- **Exercise directions**:
Transcribe exactly the lines from the one holding "Framed abstract wall" through the closing line of the entries below. Pictures stay out of the copy.

- **Given information**:

* * *

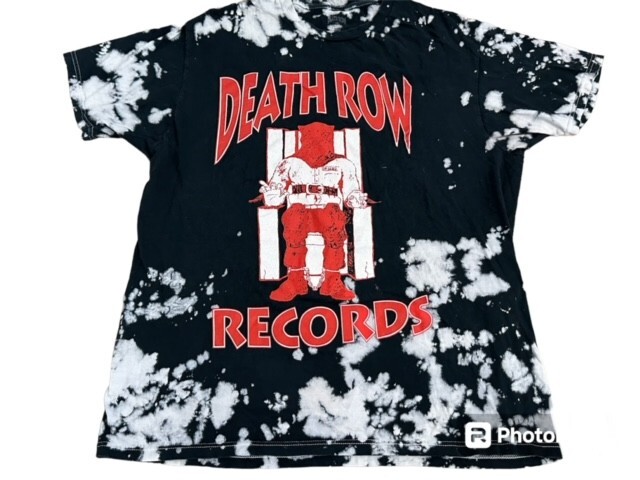 FILA Death Row Records Ripple Junction T Shirt Uomo Grande Tie Dye Grigio Nero Rosso L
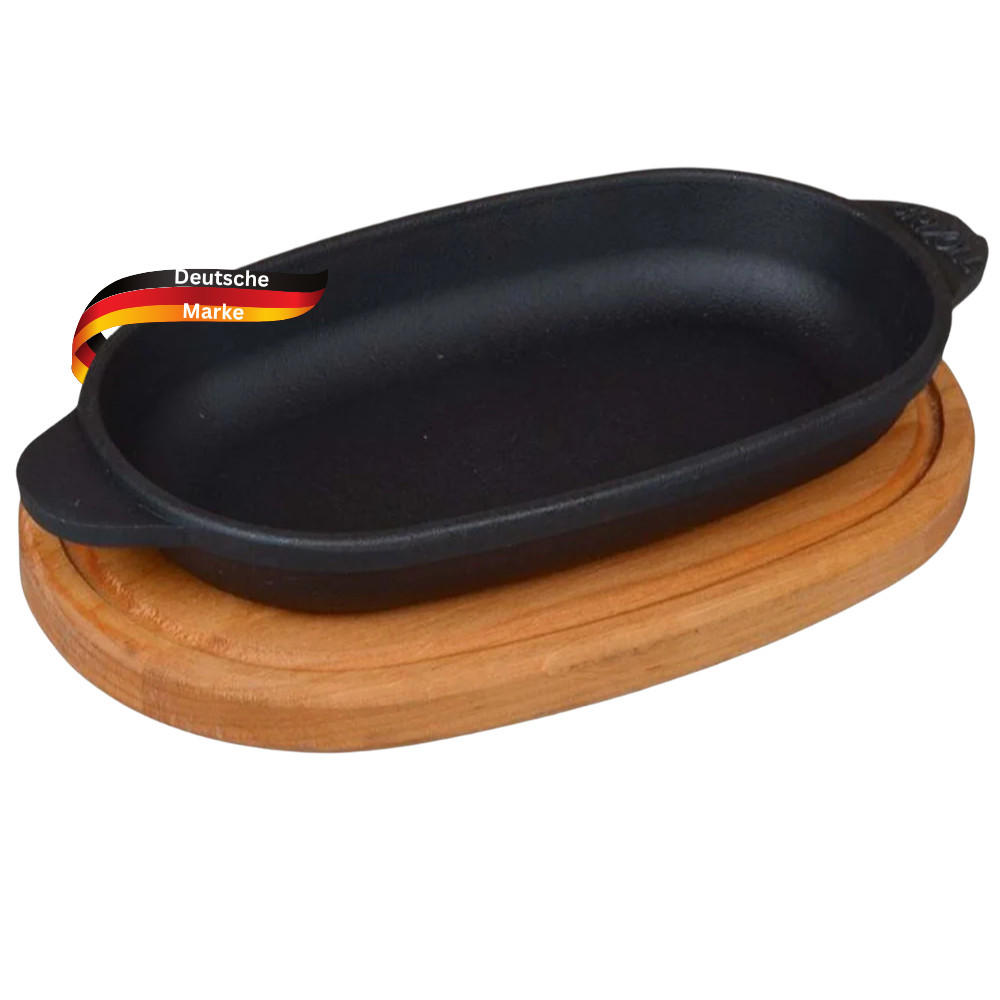 SERVIERPFANNE Gusseisen LUDI mit Holzuntersetzer 22x14 cm - Schwarz, Metall (14/22/2.5cm) - DELUKE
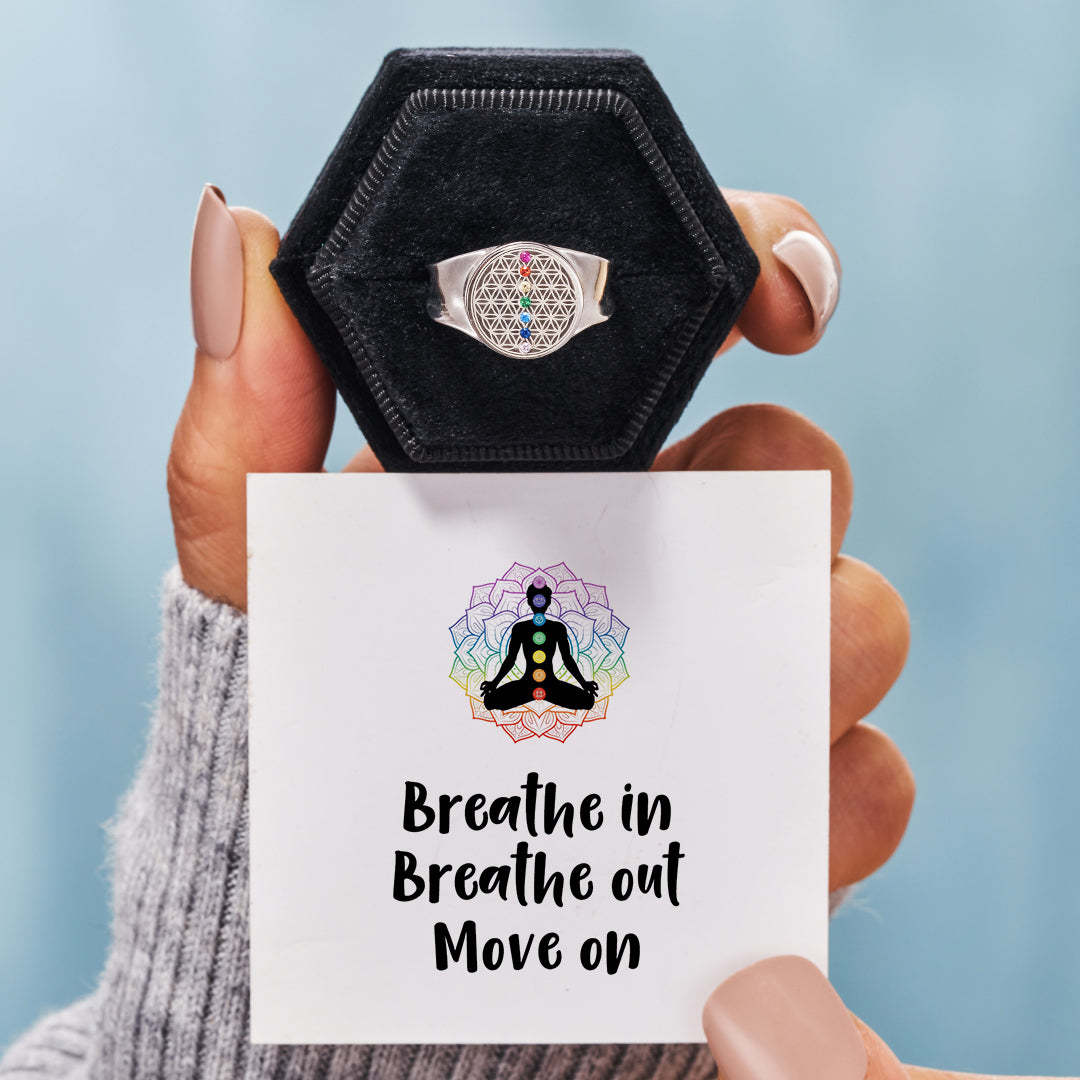 Breathe In Breathe Out And Move On Seven Chakras Ring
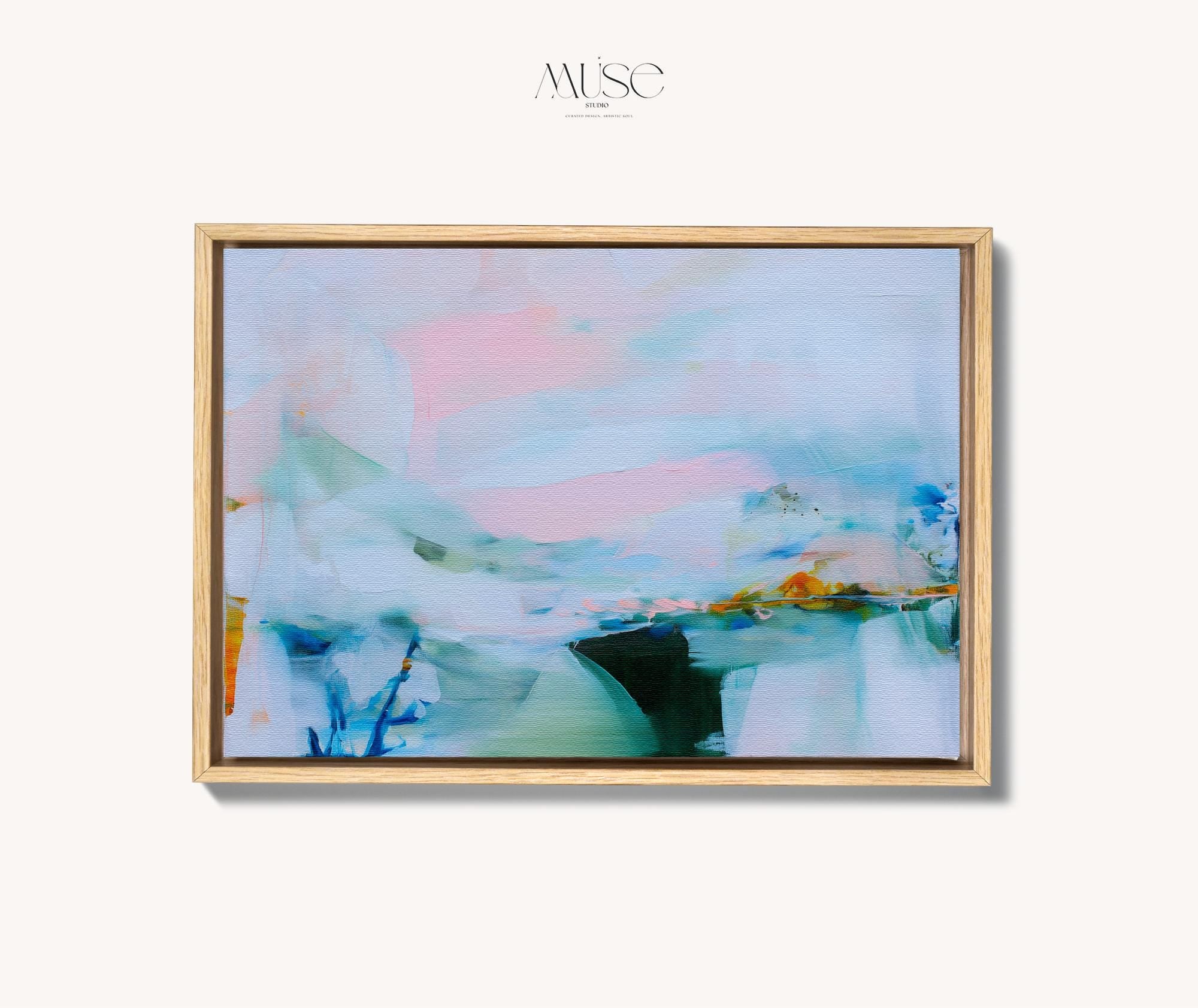 Framed abstract wall art by Muse Studio featuring lilac pink, blue, and soft green tones in a horizontal pastel composition, printed with museum-grade giclée inks on premium canvas, styled for living room or bedroom decor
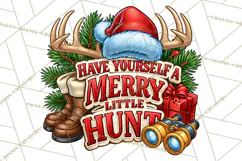 Christmas Hunting Clipart Santa Deer PNG Product Image 4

* * *

- **Exercise solution**:
 Framed abstract wall art by Muse Studio featuring lilac pink, blue, and soft green tones in a horizontal pastel composition, printed with museum-grade giclée inks on premium canvas, styled for living room or bedroom decor
 Christmas Hunting Clipart Santa Deer PNG Product Image 4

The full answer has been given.